Despite sustained efforts by central and local governments, pollution levels rose in the first seven months of 2017 in comparison to the same period the previous year. Last winter, pollution hit record highs forcing local governments to suspend industrial production, close schools and reduce road traffic. In late August 2017, the Ministry of Environmental Protection was obliged to issue a 143-page plan to urgently reduce air emissions across 28 major cities in preparation for the coming winter heating season.

Four strategies

The government has been pursuing four main strategies to address the challenge in advance of the current winter heating season. Whilst none of these strategies is new, they have been pursued with greater vigour over the past year in the Beijing-Tianjin-Hebei region.

The first strategy involves permanently closing the most polluting industrial plants. This approach dates back to the energy efficiency campaign launched in 2004 to combat energy shortages at a time of rapid economic growth. A second long-term strategy has been to force thermal power generators, steel mills and coking plants to constrain their emissions through such measures as flue gas desulpurisation. A third path requires steel, aluminium, plate glass and cement plants to reduce production by up to 50% over the winter period.

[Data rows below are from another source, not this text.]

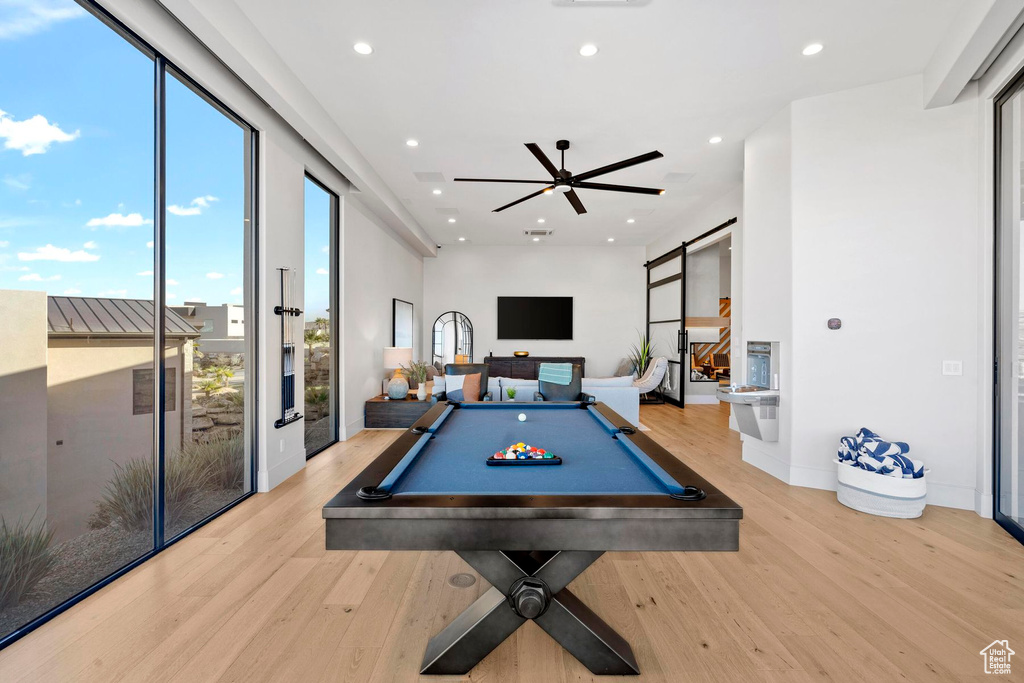 Game room featuring billiards, ceiling fan, and light wood-type flooring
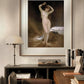 The framed painting of a nude woman is displayed in a cozy home office, above a dark wooden desk and bookshelf. Warm lighting and earthy tones in the room complement the artwork's serene beauty.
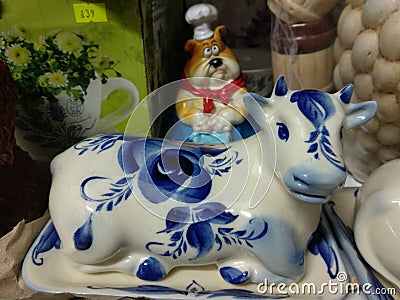 Souvenir ceramic cow butter dish on the shelf Stock Photo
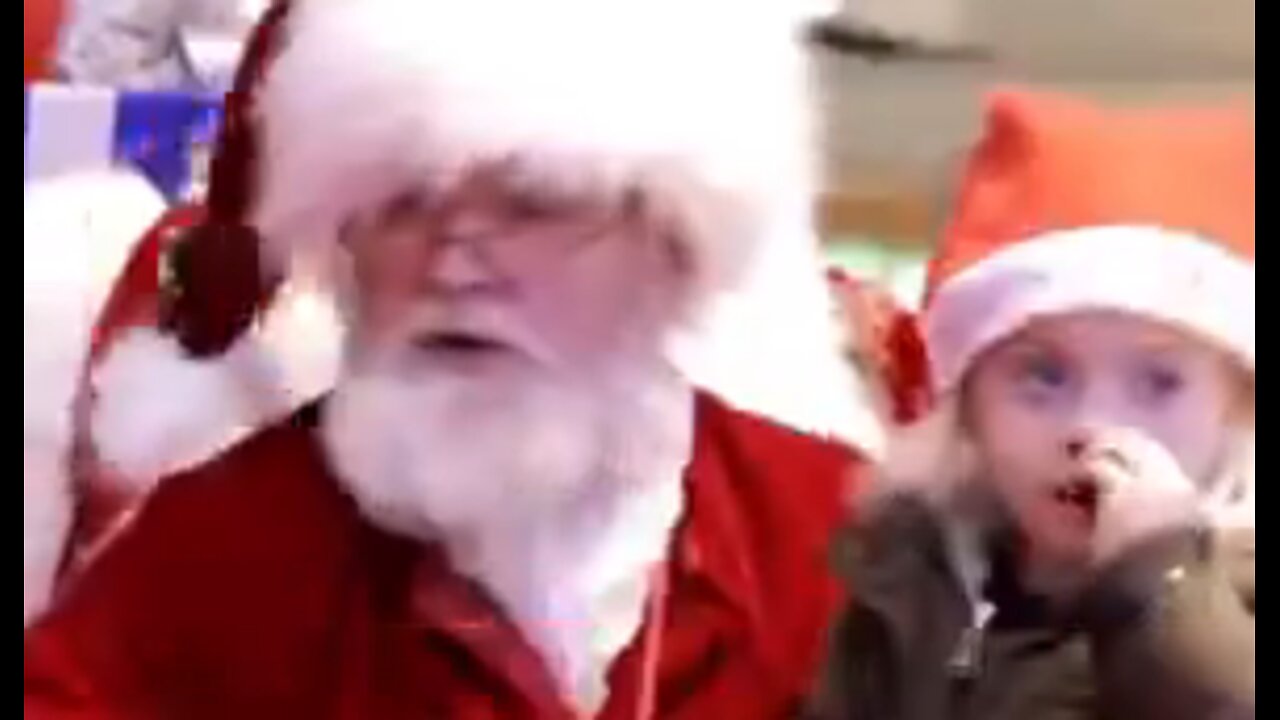 Santa realizes little girl is deaf & starts talking to her in sign language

The final strategy is to convert industrial plants and household appliances from coal to natural gas. This approach began in the late 1990s when Beijing received its first natural gas from the Ordos basin of north China. However, the rate of take up of natural gas as a heating fuel has always lagged behind government aspirations on account of its high costs compared to coal and the infrastructure requirement

This year, the government has aimed to convert up to four million households to heating systems fuelled by natural gas or electricity. At the same time, some 44,000 coal-fired boilers are to be scrapped and the sale of coal in these towns and villages will be banned. The construction of the necessary pipelines and storage tanks to support this dash for gas at the household level has been an immense task and cost billions of Yuan. It will also add an estimated 10 billion cubic metres to the winter gas consumption. To address the surge in demand, the national oil companies have been instructed to boost supplies, from both domestic and overseas sources. This has had an immediate effect on international markets, with Asian spot LNG prices reaching close to US$ 10 per million British Thermal Units (mmBTU) in early November, up from a low of less than US$6 per mmBTU in June 2017.

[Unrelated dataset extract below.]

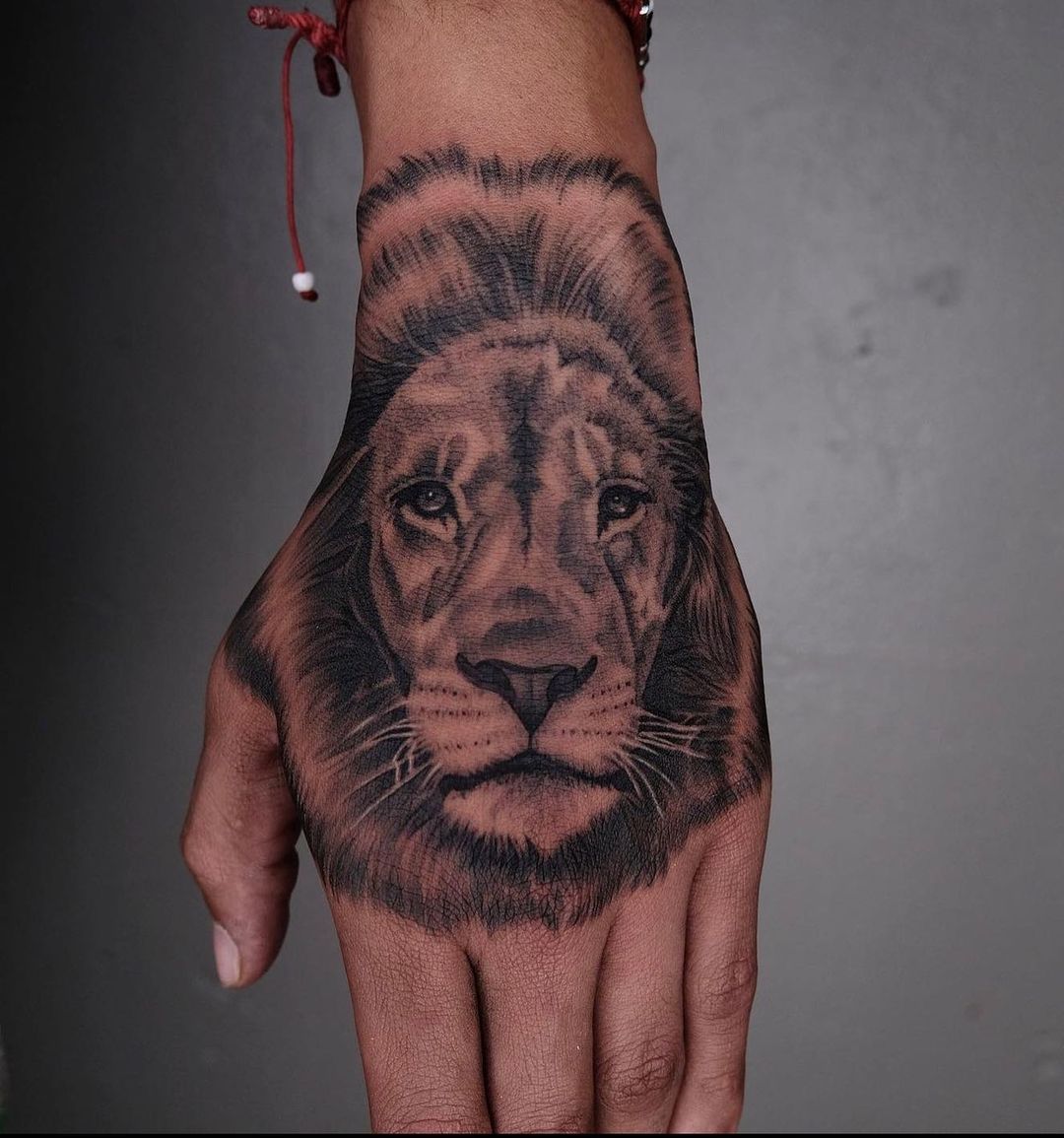 lion tattoo on hand by stockton tattoo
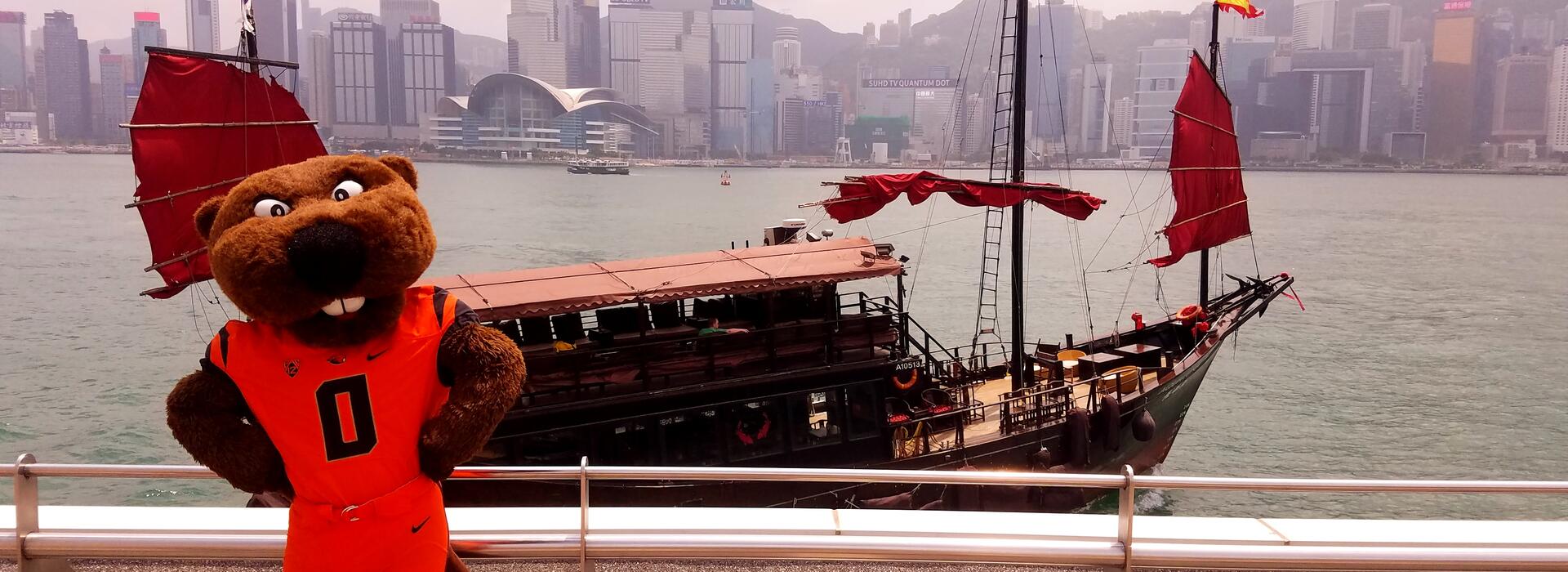 Benny Beaver standing in front of a ship in Shanghai, China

Although natural gas is more convenient and cleaner for families, it is more expensive than coal. Northern China is home to large numbers of low income families and the high price of natural gas last winter led many households to reduce their use of heating. Monthly heating bills for some families rose from 1,500 Yuan to 2,000 Yuan despite economising, and the monthly income of many such households may be just 4,000 Yuan. To alleviate such hardship, the government this year is providing a certain quantity of gas at subsidised prices.

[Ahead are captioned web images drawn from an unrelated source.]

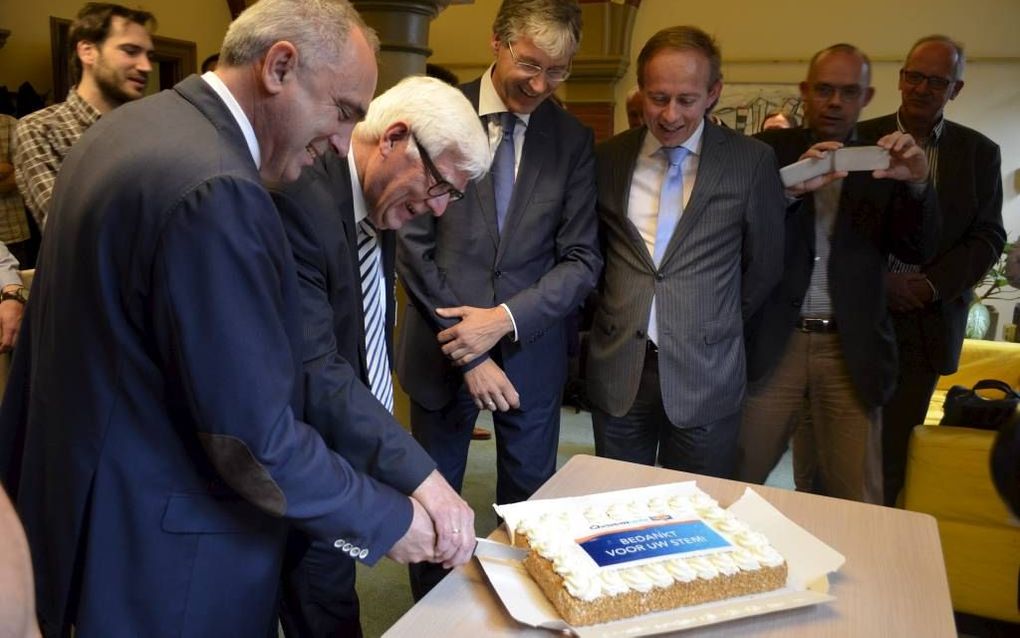 Europarlementariërs Van Dalen (ChristenUnie) en SGP’er Belder (r.) sneden maandagmorgen in de kamer van de ChristenUnievoorlichting in het Tweede Kamergebouw in Den Haag een taart aan ter gelegenheid van de uitslag van de Europese verkiezingen. Beide poli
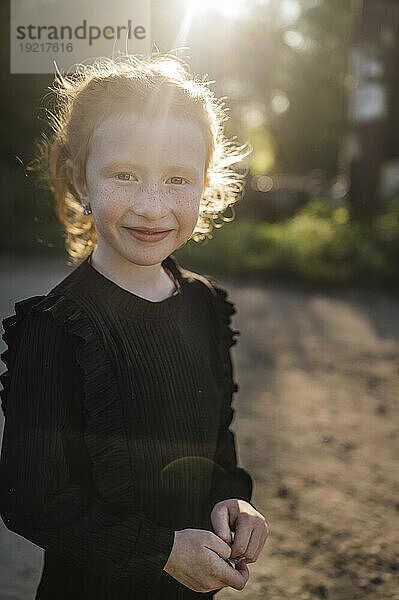 Lächelndes rothaariges Mädchen steht im Park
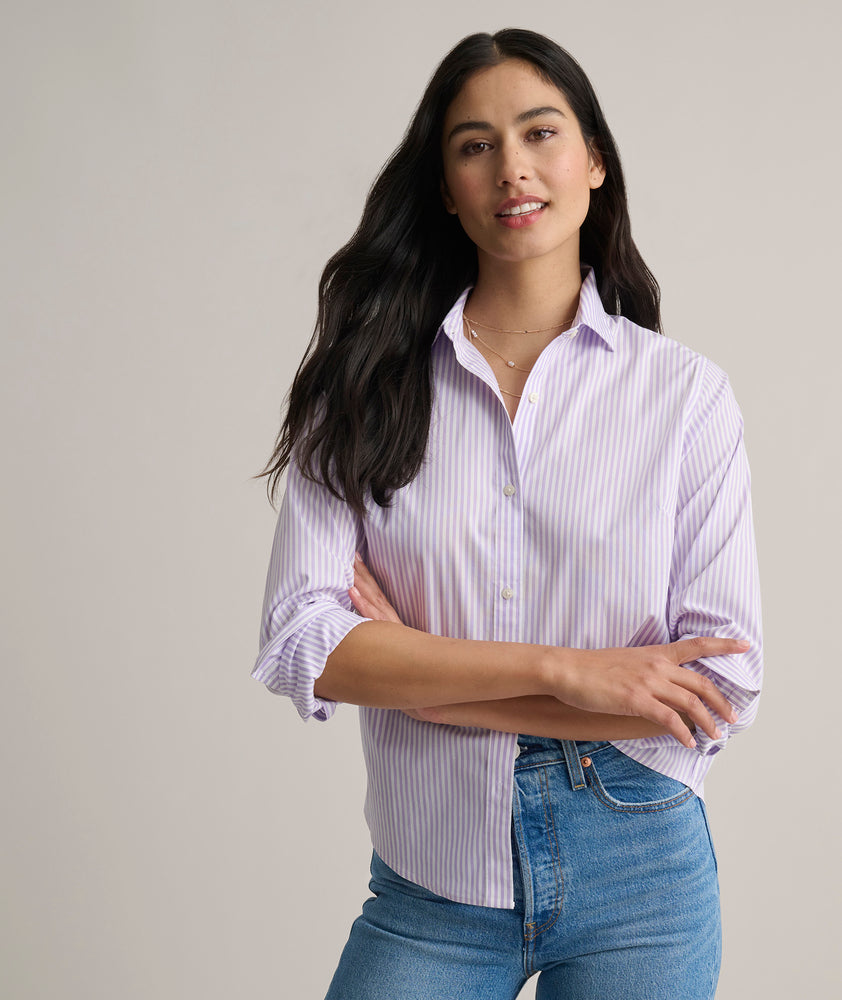 Model is wearing UNTUCKit Bella shirt in purple stripe. 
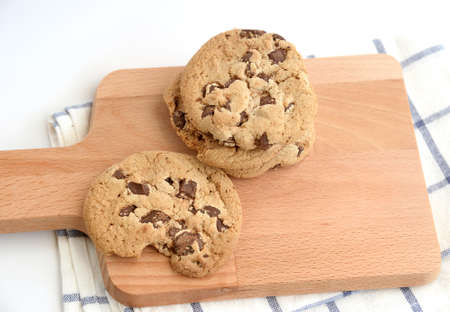 close up of home made chocolate chip cookies on a wooden plateの写真素材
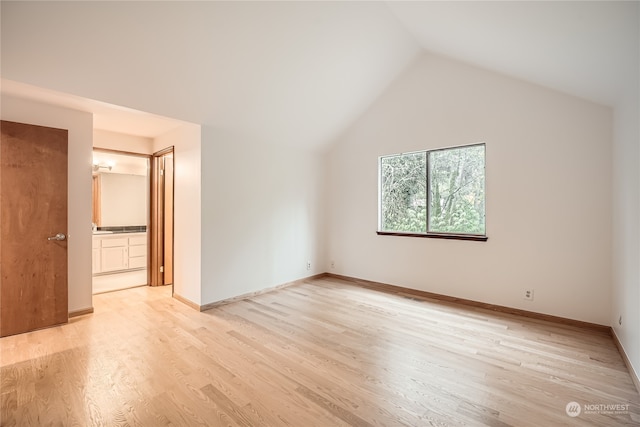 interior space with light hardwood / wood-style floors and vaulted ceiling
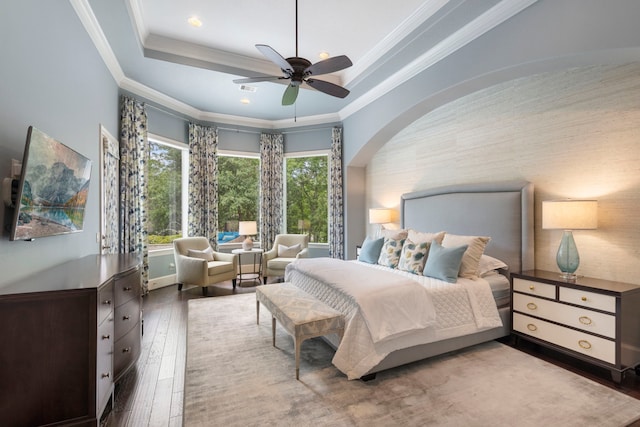 2 N Badger Lodge Cir, The Woodlands, TX 77389 - bedroom featuring wood-type flooring, arched walkways, a tray ceiling, a ceiling fan, and ornamental molding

Despite the comprehensive nature of the government’s push to reduce air pollution this winter, confidence is low that the targets set in 2013 can be reached. Resistance to implementing these measures is widespread. The most common approach is to falsify emissions reports. In April 2017, a plant in Tianjin took more extreme measures by locking up a team of government inspectors whilst they were carrying out checks on the plant. They had to be rescued by the police. Further, the implementation can be seen by some as being inequitable. In the small towns of Hebei Province, for example, the local steel plant may continue to emit foul effluent while individual food stall owners are told to stop using coal.

Environmental taxes

As part of a wider strategy to combat all forms of pollution, the government will introduce a raft of environmental taxes on 1st January 2018 to replace the generally ineffective levies. These taxes will be directed at air, water, land and noise pollution. The taxes on air pollution will target sulphur and nitrogen oxides, but not carbon dioxide as this is covered by the carbon markets. Small- and medium-sized enterprises will not be exempt, as they were from the pollution levies, but extra incentives will be provided for those which achieve substantial reductions.